I must’ve mentioned before how one of my ‘things to do in life’ is to learn how to make dimsims. Of all the things that I would really love to learn how to make are har-gau, char siu bau, chiu-chow fun gwo (as my Mum loves them), ma lai go and those sesame balls filled with red bean past. I’ve yet to attempt them, partly because they’re all labour intensive or require equipment that I don’t have. The things that I have tried are egg tarts, the various types of pastries, other types of buns and now, the spring onion (or scallion) pancake. I came across a recipe for the spring onion pancake a while ago, bookmarked it and forgot about it. It only came back to me when I was clearing out my fridge and saw half a bunch of spring onions looking like it needed to be used. It’s a simple recipe — the only downside is that it isn’t fast food.
Spring onion pancake
The recipe can be increased, decreased. I halved the original recipe and ended up with one pansized pancake, and I ate it all, and enjoyed it.
- 1 cup plain flour
- 1/4 cup of warm water + more (if necessary)
- 2 spring onions, finely sliced
- Sesame oil
Make your dough by adding the warm water to the flour and incorporating well. You want the dough to be come off the sides easily but be barely sticky but not rock hard, so add more water as you see need be. Cover with a damp tea towel and let sit for 30 minutes so the dough can relax.
After resting, roll your dough out to about 5mm thin. If you’re doubling the recipe, divide the dough into two pieces first before rolling out.

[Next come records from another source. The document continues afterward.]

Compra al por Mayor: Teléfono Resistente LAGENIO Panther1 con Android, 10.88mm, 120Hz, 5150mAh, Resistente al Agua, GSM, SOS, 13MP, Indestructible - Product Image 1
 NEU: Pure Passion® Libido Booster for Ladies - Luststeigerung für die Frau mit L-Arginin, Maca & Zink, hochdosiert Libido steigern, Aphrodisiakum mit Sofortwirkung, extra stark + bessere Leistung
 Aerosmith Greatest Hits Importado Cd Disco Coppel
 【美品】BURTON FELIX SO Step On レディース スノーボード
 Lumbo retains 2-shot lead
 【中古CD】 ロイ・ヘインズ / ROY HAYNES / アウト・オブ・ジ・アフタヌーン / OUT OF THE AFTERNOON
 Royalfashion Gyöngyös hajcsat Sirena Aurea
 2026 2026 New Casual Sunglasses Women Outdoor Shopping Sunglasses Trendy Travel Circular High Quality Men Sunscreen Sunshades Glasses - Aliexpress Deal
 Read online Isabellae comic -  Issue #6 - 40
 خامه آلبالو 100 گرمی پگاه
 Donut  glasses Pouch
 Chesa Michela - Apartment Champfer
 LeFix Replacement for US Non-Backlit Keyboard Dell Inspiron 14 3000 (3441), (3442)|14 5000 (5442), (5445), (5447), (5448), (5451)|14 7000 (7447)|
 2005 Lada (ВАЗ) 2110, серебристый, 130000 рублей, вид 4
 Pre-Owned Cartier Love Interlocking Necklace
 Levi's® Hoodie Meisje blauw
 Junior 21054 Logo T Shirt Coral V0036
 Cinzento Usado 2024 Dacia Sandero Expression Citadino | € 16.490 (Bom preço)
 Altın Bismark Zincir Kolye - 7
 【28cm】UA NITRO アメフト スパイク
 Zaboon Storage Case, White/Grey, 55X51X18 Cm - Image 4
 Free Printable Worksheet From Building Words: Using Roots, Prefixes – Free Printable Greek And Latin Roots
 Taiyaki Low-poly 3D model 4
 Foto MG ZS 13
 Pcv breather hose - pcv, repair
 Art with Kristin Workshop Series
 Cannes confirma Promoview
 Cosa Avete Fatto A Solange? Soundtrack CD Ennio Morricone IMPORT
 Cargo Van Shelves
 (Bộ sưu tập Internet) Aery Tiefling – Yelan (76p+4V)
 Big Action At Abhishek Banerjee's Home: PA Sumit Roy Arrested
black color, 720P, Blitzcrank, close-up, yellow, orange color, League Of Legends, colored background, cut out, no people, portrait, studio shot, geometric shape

Brush with sesame oil and sprinkle lots of salt over it. Add the spring onions (up to you!). Pick up one end of the round and begin rolling it into a tight little cigar.
Pinch the ends, then twist the dough into a snail. Let it rest for about 10 minutes. Then roll it out to the thickness you want (I’d say 5-10 mm thin).
Heat a non-stick pan and add oil — enough to just slightly coat the entire pan. Enough oil makes it crispy, and really, if you don’t make it crispy, what’s the point of this then?
Slice and eat while warm.
And just a photo to show the layers.
It’s a wonderful snacking food. I ate it all while watching the Saturday Night Live vids of Tina Fey as Sarah Palin. Hee-larious! And it was an afternoon well spent.